The bar had closed doors, the music was filtered, and the bone shivering was mostly gone in here. It was dark, like it was supposed to be, the only light coming from the bar itself, which was made of stained glass; murky, oddly shaped panels of blood red and wine purple and jade green and dull blue, some of them illuminated from within, shattering the shadowy, smoky room with random shafts of colored light. Barrabas sat on a stool in a shaft of purple; Jo Ann sat almost astraddle a beam of green, some of it streaming up her front to tint her gray eyes jade.
They ordered vodka martinis and sat hunched together between two groups of sweating, almost-naked men giggling over cocaine fizzes. Advertisements blinked up the cocktail straws; digital music groaned like a machine about to break down. On the walls, videopaintings re-creating scenes from medieval depictions of the Crucifixion and Resurrection flickered through sequence in doleful chiaroscuro; occasionally the images of Christ alternated with other figures, paintings by Paul Mavrides and other icons from the erstwhile post-Acid House era: Timothy Leary ascending into heaven, riding a CD like a flying saucer; William Burroughs and Laurie Anderson waltzing through a concentration camp while the starveling camp victims played Strauss on orchestral instruments; Kotzwinkle shooting skull-shaped dice with William Gibson; the minimono star Calais chained to Stephen Hawking’s wheelchair; Philip K. Dick with an arm growing from his forehead, arm wrestling with an arm growing from Rick Crandall’s forehead; Rickenharp falling into the rubble of the collapsing Arc de Triomphe; Ivan Stang adding twentieth-century paper money to the flames under the stake on which a grinning J.R. “Bob” Dobbs is being burned alive; David Bowie eaten cannibalistically by a demonic horde of twenty-first century pop stars; Iggy Pop having sex with Mrs. Bester, the president of the United States.
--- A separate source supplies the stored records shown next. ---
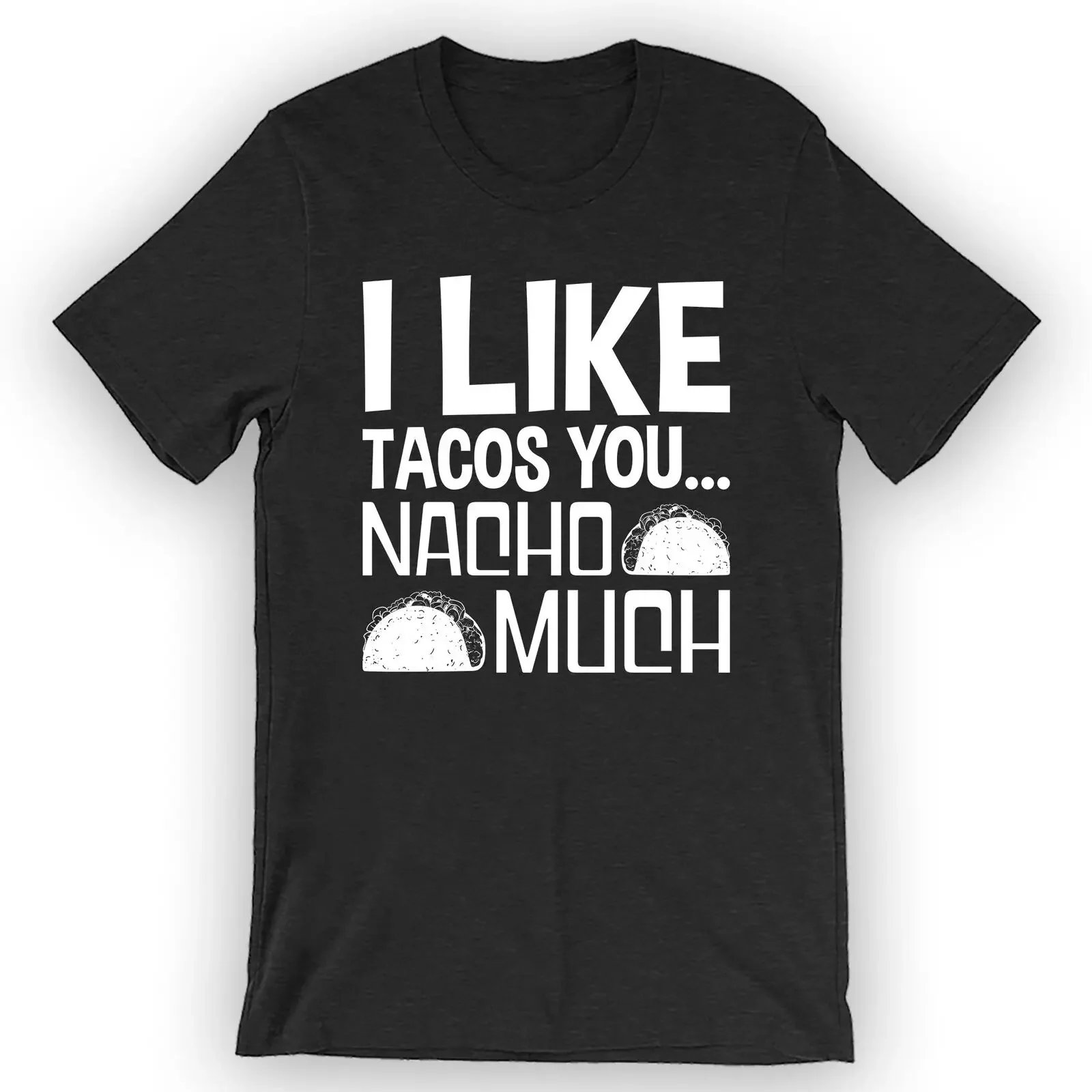 Unisex I Like Tacos You Nacho Much T-Shirt Funny Taco Shirt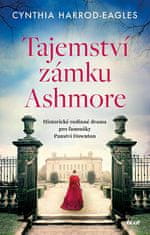 Cynthia Harrod-Eagles: Tajemství zámku Ashmore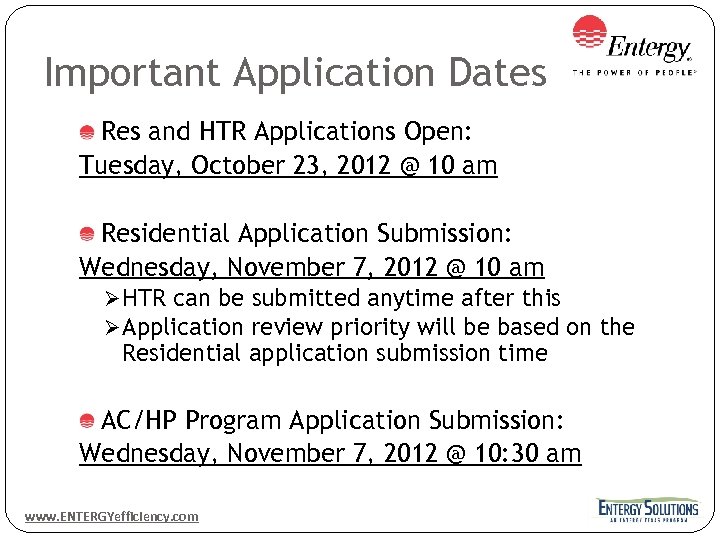 Important Application Dates Res and HTR Applications Open: Tuesday, October 23, 2012 @ 10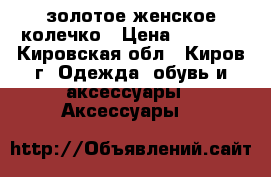 золотое женское колечко › Цена ­ 3 000 - Кировская обл., Киров г. Одежда, обувь и аксессуары » Аксессуары   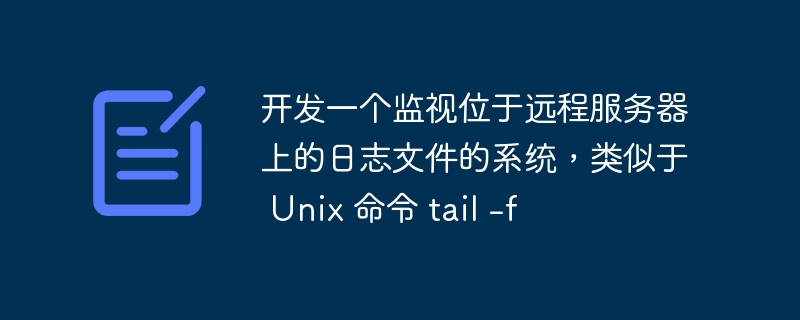 开发一个监视位于远程服务器上的日志文件的系统，类似于 Unix 命令 tail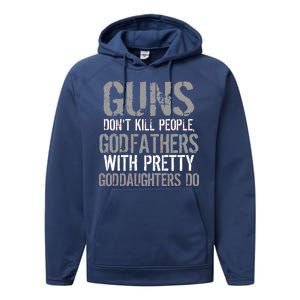 Godfathers With Pretty Goddaughters Kill People Performance Fleece Hoodie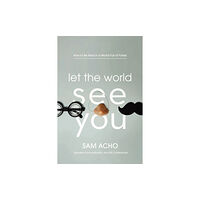 Thomas nelson publishers Let the World See You (häftad, eng)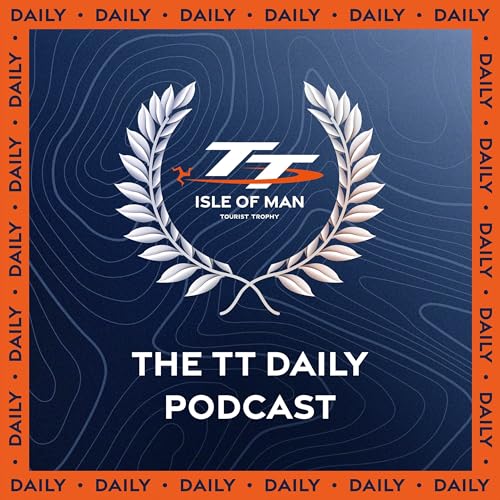 The TT Daily Podcast - Day 2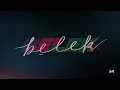 KOAST - BELEK (Visualizer)
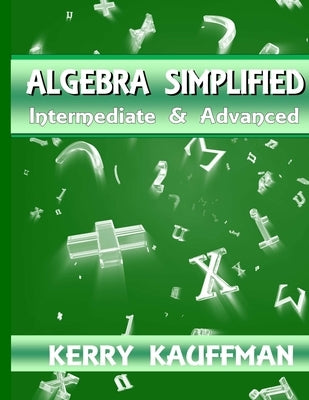 Algebra Simplified Intermediate & Advanced by Kauffman, Kerry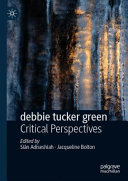 debbie tucker green : critical perspectives / Siân Adiseshiah, Jacqueline Bolton, editors.
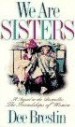 More information on We Are Sisters
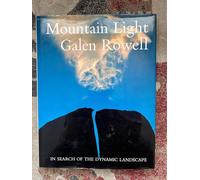 Mountain Light: In Search of the Dynamic Landscape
And back to the dead but numinous body of the scourged Christ, his head in Mary Magdalene’s lap.
“That loose data bothering you here?” Barrabas asked. “The Brain Bank stuff, I mean.”
Jo Ann shook her head. “Isn’t room for it with all the input here. You feel better?”
“Much. I’m sorry about the dance. I’ll get a few drinks in me and then—”
“Don’t worry about it. It was too crowded to dance anyway. What is it you do for Dr. Cooper? Video stuff, you said?”
“Documentation, editing.” He wanted to change the subject. She was frowning slightly.
Two guys behind him were talking over one another, yelling opinions that neither heard. He felt a nonmusical chill when he realized what the issue was. “The bloo’y SA Fascist barstads ’er in Parliament now, what yuh going to do, ay?” one of them, a white guy in dreadlocks, yelled. “There’s no bloo’y way we can get the Nazi barstads out without a war, a blee’in’ civil war, mate, ay?”
At the same time the other shouter—a black with a scalp-up shaped like a street scene, his home neighborhood—was saying, “Oi mean, these buggered right righ-cist barstads are everywhere, fuck me for a joke, ’ow you goin’ to fight them, bloo’y ’ell you’d arv to bust in the system, righ’?”